### Problem description:
Pictures stay out of your copy, but everything else in the records below must be repeated exactly.

◇ ◇ ◇ ◇

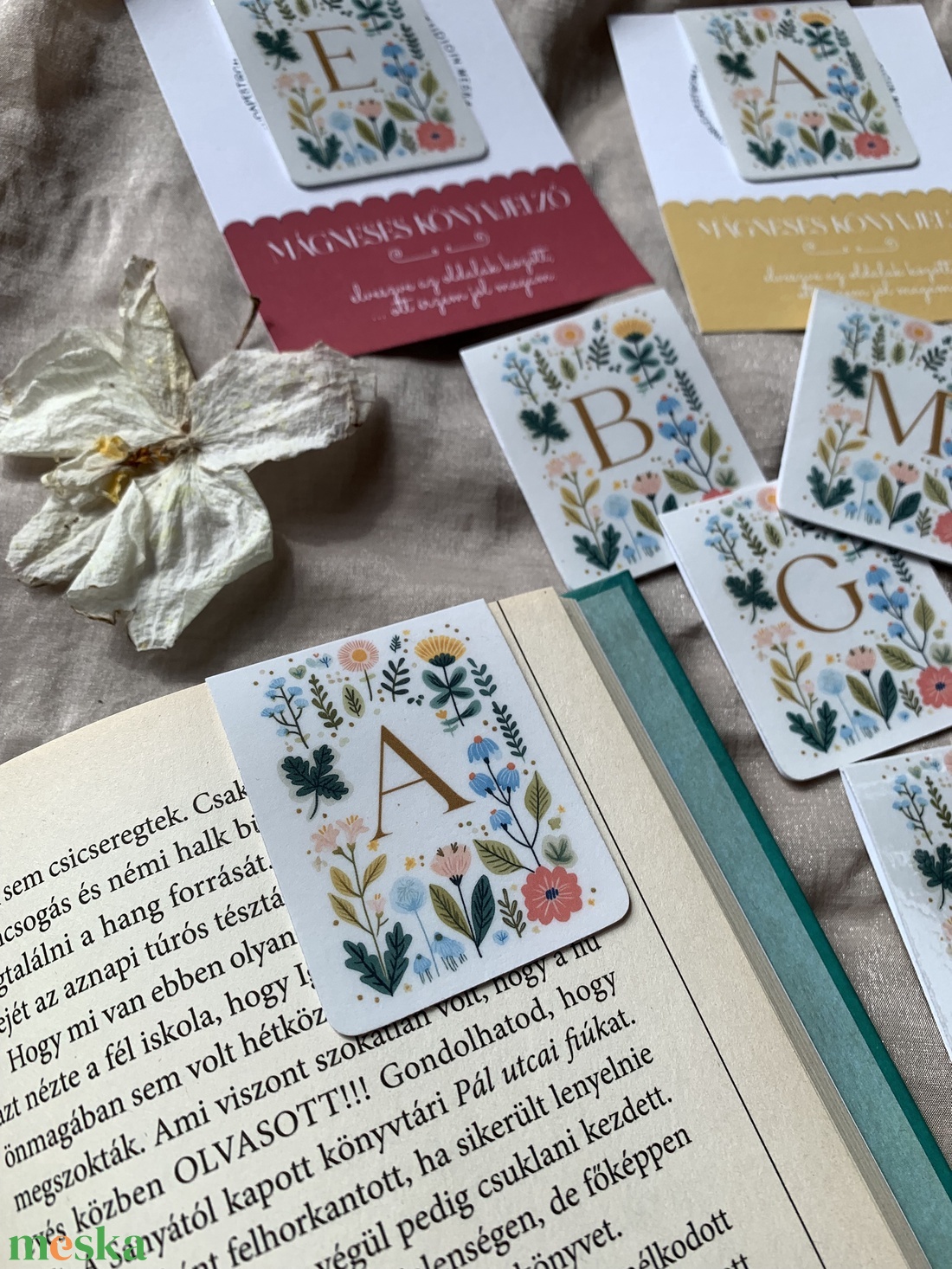 Mágneses könyvjelző, kezdőbetűs határidőnapló jelölő, monogram ajándék - könyv & zene - könyvjelző - Meska.hu
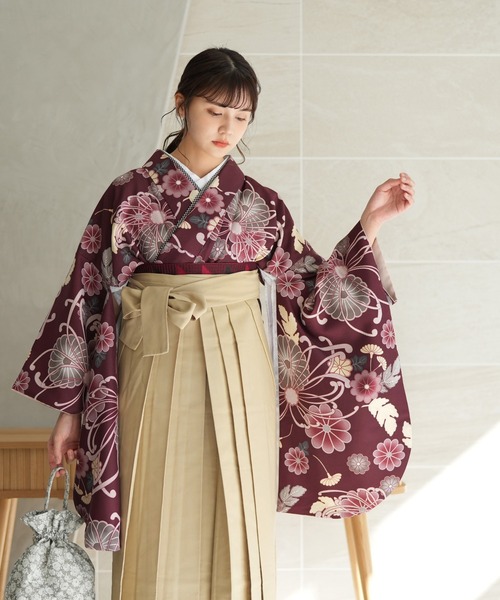 utatane（ウタタネ）の「袴セット ひよこ商店 ボルドーに古典菊（着物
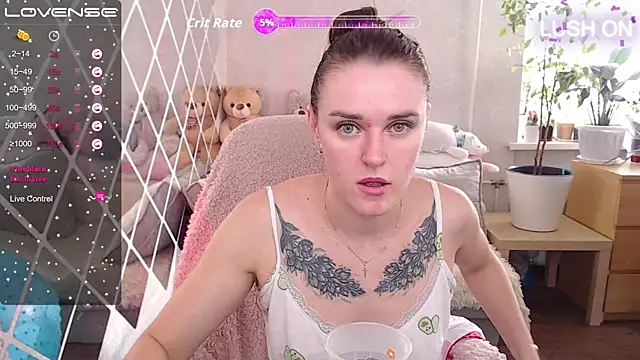 Bella  Swoon online show from September 30, 2025, 3:34 am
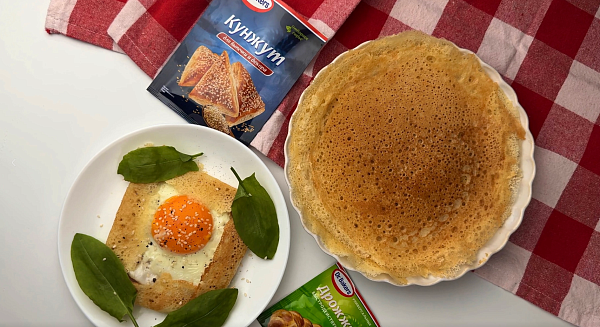 Сытные блины на дрожжах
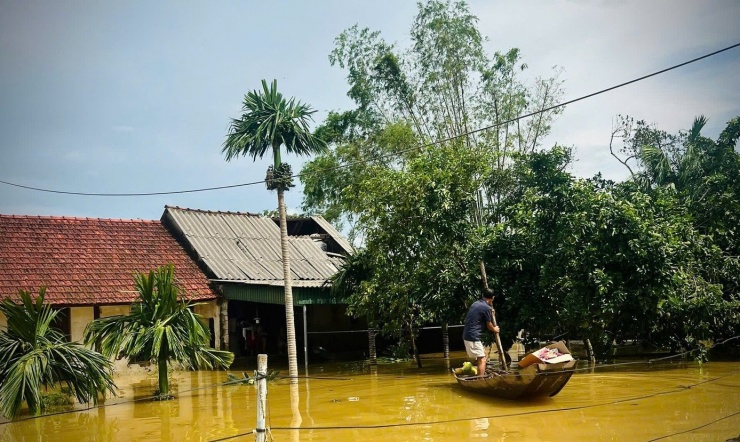 Hơn 2.000 hộ dân Hà Tĩnh bị cô lập trong lũ suốt 3 ngày - 1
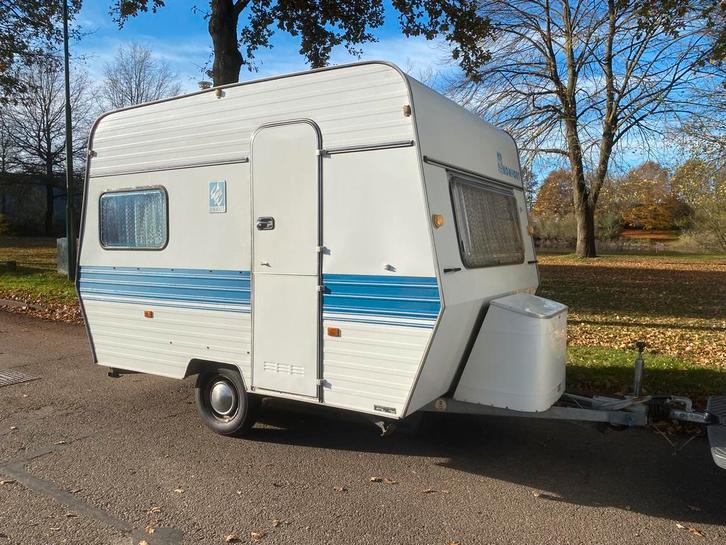 Knaus 325 caravan ( MTM ->750kg) 🏖🏖, Caravans en Kamperen, Caravans, Particulier, tot en met 3, 500 - 750 kg, Standaardzit, Knaus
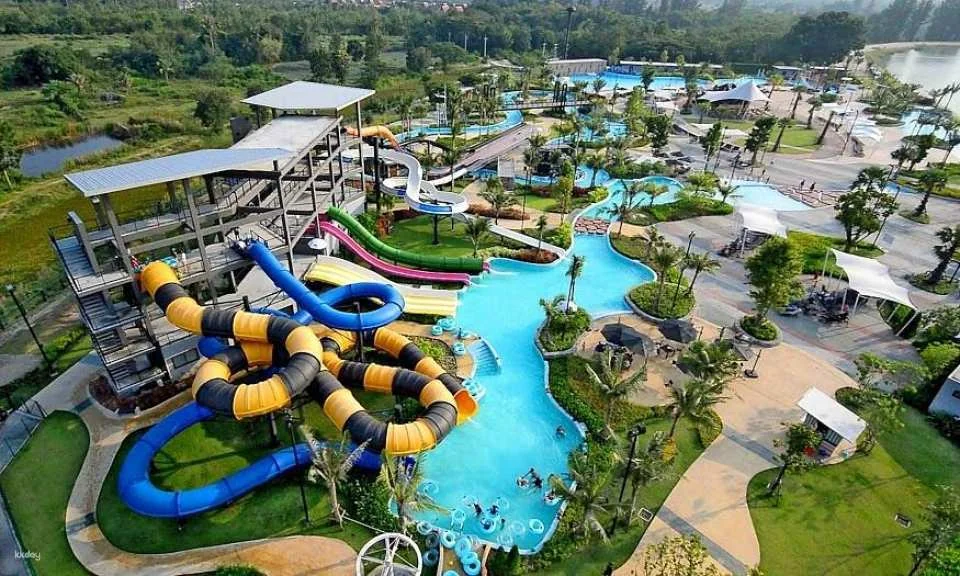 Black Mountain Water Park Hua Hin|Thailand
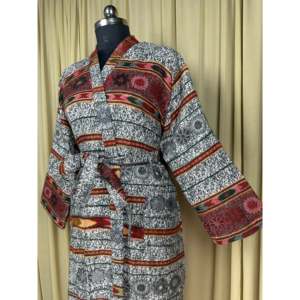 เสื้อคลุมคาร์ดิแกนลายทางสีขาวสำหรับผู้หญิง ผสมขนจามรี อุ่นสบาย เหมาะสำหรับฤดูหนาว สไตล์โรแมนติก มีกระเป๋า  ไซส์ฟรี  แบบกิโมโน - Product Image 6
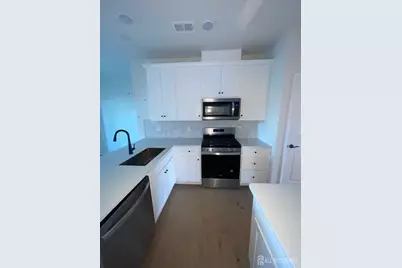 216 Lyla Lane, New Brunswick, NJ 08901 - Photo 2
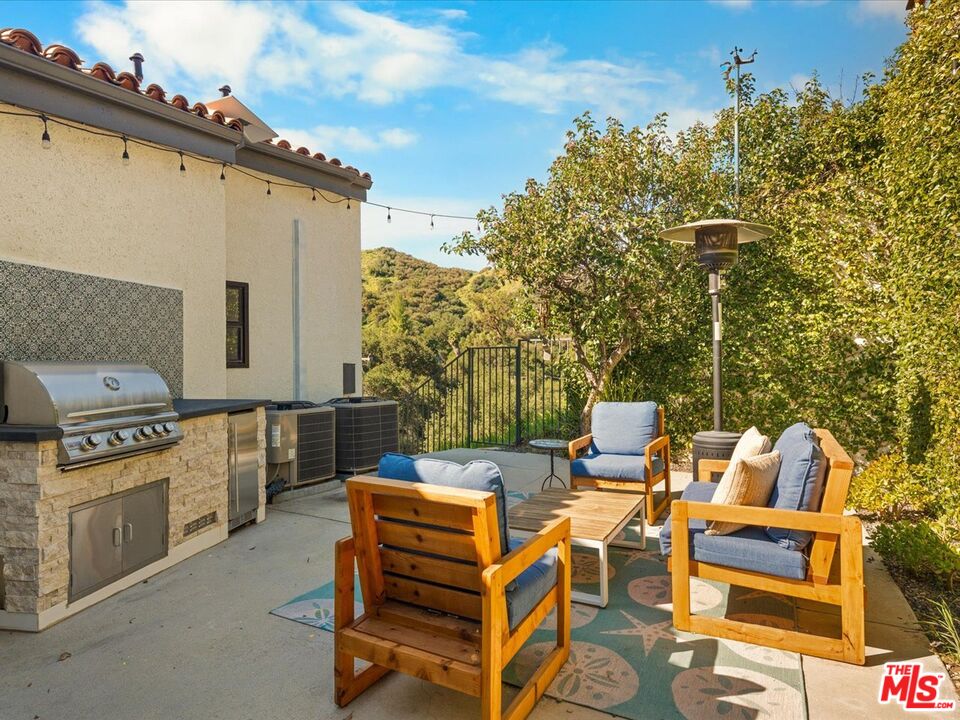 3418 Dorothy Rd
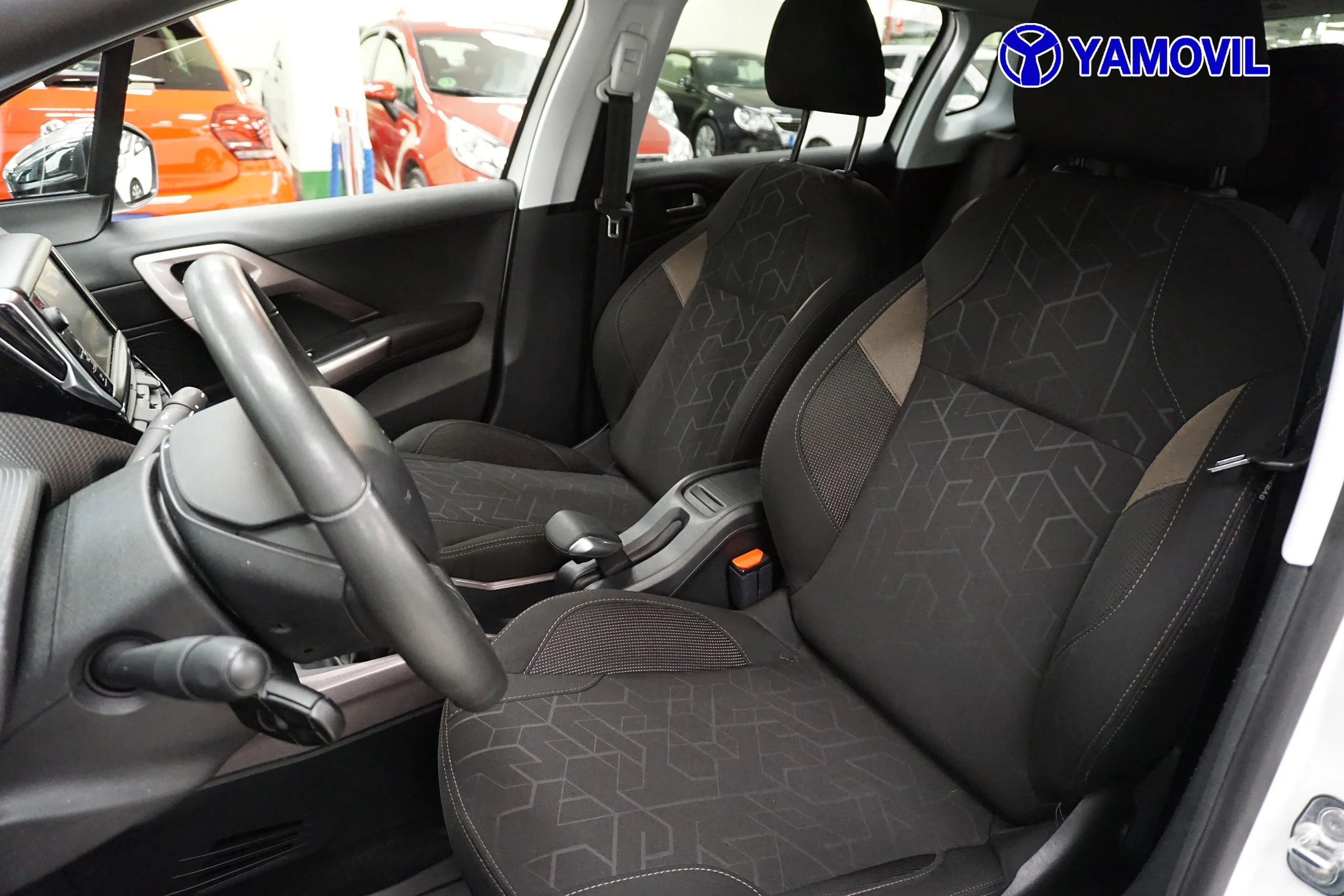 Peugeot 2008 1.6 BLUEHDI STYLE 5P - Foto 13
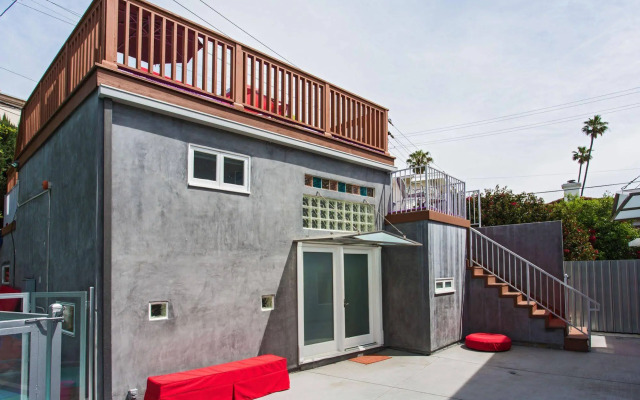 Beverly Hills Modern Guesthouse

◇ ◇ ◇ ◇

### Response box:
 Mágneses könyvjelző, kezdőbetűs határidőnapló jelölő, monogram ajándék - könyv & zene - könyvjelző - Meska.hu
 utatane（ウタタネ）の「袴セット ひよこ商店 ボルドーに古典菊（着物
 Bella  Swoon online show from September 30, 2025, 3:34 am
 Сытные блины на дрожжах
 Hơn 2.000 hộ dân Hà Tĩnh bị cô lập trong lũ suốt 3 ngày - 1
 Knaus 325 caravan ( MTM ->750kg) 🏖🏖, Caravans en Kamperen, Caravans, Particulier, tot en met 3, 500 - 750 kg, Standaardzit, Knaus
 Black Mountain Water Park Hua Hin|Thailand
 เสื้อคลุมคาร์ดิแกนลายทางสีขาวสำหรับผู้หญิง ผสมขนจามรี อุ่นสบาย เหมาะสำหรับฤดูหนาว สไตล์โรแมนติก มีกระเป๋า  ไซส์ฟรี  แบบกิโมโน - Product Image 6
 216 Lyla Lane, New Brunswick, NJ 08901 - Photo 2
 3418 Dorothy Rd
 Peugeot 2008 1.6 BLUEHDI STYLE 5P - Foto 13
 Beverly Hills Modern Guesthouse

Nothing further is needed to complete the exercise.